Overall, pandas outperformed Postgre, often running over ten times faster. The only cases when Postgre performed better were for filtering, group by and aggregation, and joining tasks but only for datasets with less than a thousand rows. Selecting columns was very efficient in pandas; the number of rows in the dataset had little effect on the execution time. In general, loading and joining were the tasks that took the longest, requiring times greater than a second for large datasets.

One might take away from the benchmarking that pandas is far superior than Postgre but pandas does have its limitations and there is still a need for SQL. For pandas, the data is stored in memory and it will be difficult trying to load a CSV file greater than half of the memory of the system. For the ten-thousand row dataset, the file size was about 400 MB, but the dataset only had four columns. Datasets often contain hundreds of columns, resulting in file sizes on the order of 10 GB when the dataset has over a million rows.

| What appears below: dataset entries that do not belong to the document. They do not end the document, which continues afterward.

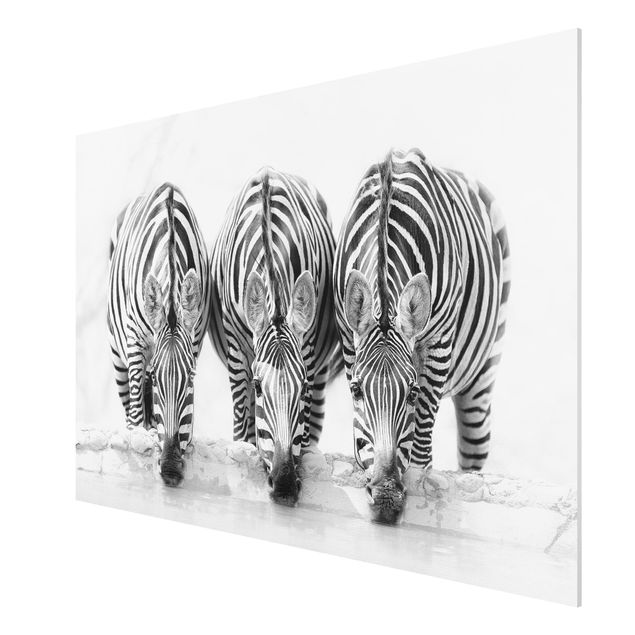 Schöne Wandbilder Zebra Trio schwarz-weiß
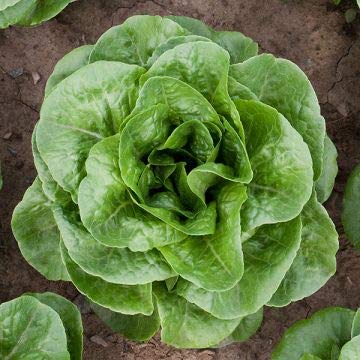 Winter Density Lettuce Seeds For Planting, 1000+ Heirloom Seeds Per Packet, (Isla's Garden Seeds), Non Gmo Seeds, Botanical Name: Latuca Sativa, Great Home Garden Gift #TOP2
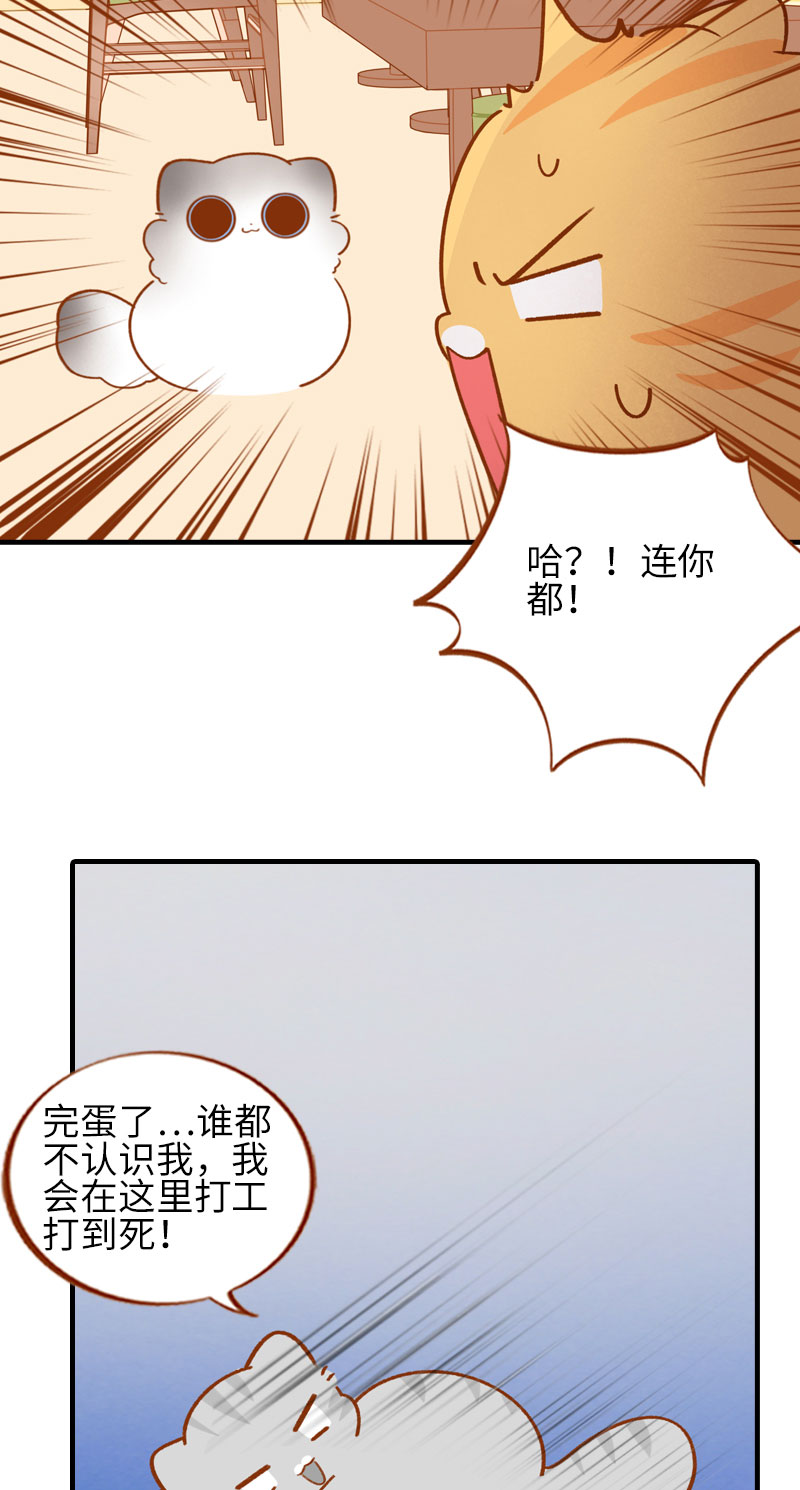 猫咪的人类饲养指南漫画,第50话 以爲自己被抛弃的橘子2图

Postgre and pandas are ultimately different tools. Postgre and other SQL based languages were created to manage databases and offer users a convenient way to access and retrieve data, especially across multiple tables. The server running Postgre would have all the datasets stored as tables across the system, and it would be impractical for a user to transfer the required tables to their system and use pandas to perform tasks such as join, and group by client side. Pandas was created for data manipulation and its strength lies in complex data analysis operations. One should not view pandas and Postgre as competing entities but rather important tools making up the Data Science computational stack.